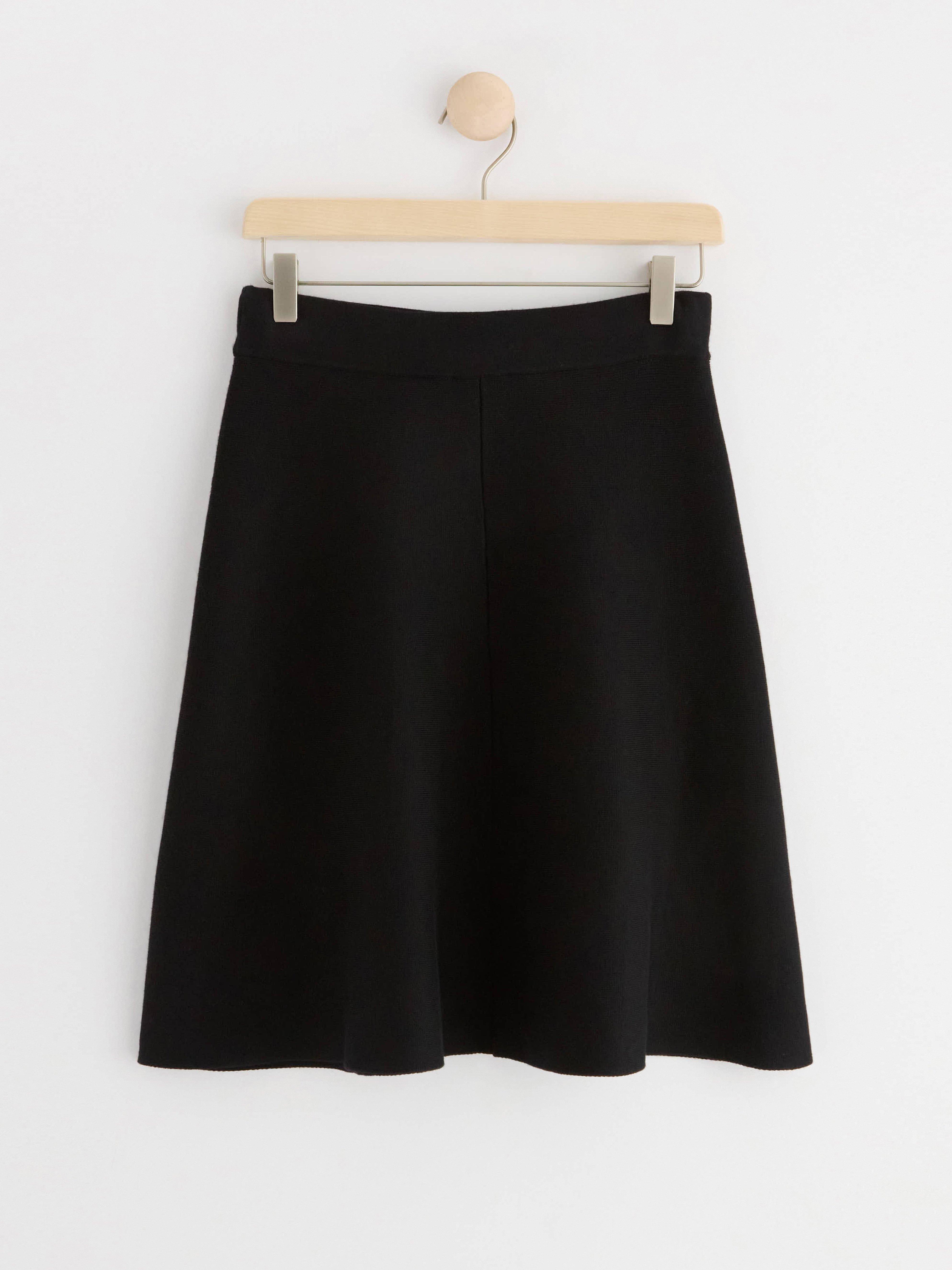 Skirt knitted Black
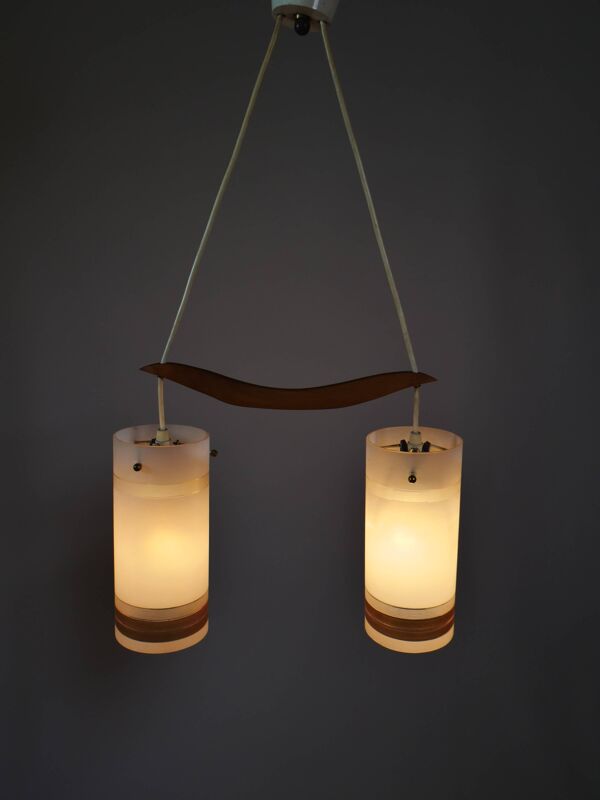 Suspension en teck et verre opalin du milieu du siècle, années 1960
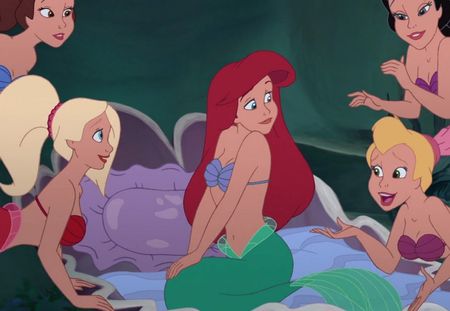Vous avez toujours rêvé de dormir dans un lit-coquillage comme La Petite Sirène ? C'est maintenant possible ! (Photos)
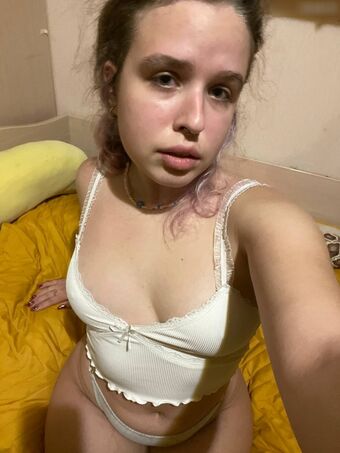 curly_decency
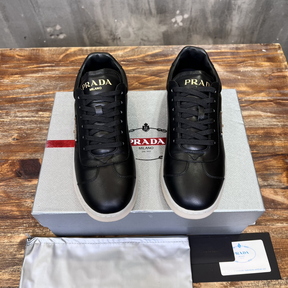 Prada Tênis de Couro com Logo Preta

What is being asked>
The listing above should be repeated word for word, pictures removed.

Answer space>
 Skirt knitted Black
 Suspension en teck et verre opalin du milieu du siècle, années 1960
Vous avez toujours rêvé de dormir dans un lit-coquillage comme La Petite Sirène ? C'est maintenant possible ! (Photos)
 curly_decency
 Prada Tênis de Couro com Logo Preta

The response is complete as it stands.